• Task prompt
The listing is to be printed in full, exactly as given.

Recorded data Block Start

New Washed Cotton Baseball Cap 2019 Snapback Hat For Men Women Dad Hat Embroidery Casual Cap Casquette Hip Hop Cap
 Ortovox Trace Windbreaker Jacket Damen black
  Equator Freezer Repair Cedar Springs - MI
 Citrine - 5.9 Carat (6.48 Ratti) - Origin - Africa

Recorded data Block End

• Output of the exercise
New Washed Cotton Baseball Cap 2019 Snapback Hat For Men Women Dad Hat Embroidery Casual Cap Casquette Hip Hop Cap
 Ortovox Trace Windbreaker Jacket Damen black
  Equator Freezer Repair Cedar Springs - MI
 Citrine - 5.9 Carat (6.48 Ratti) - Origin - Africa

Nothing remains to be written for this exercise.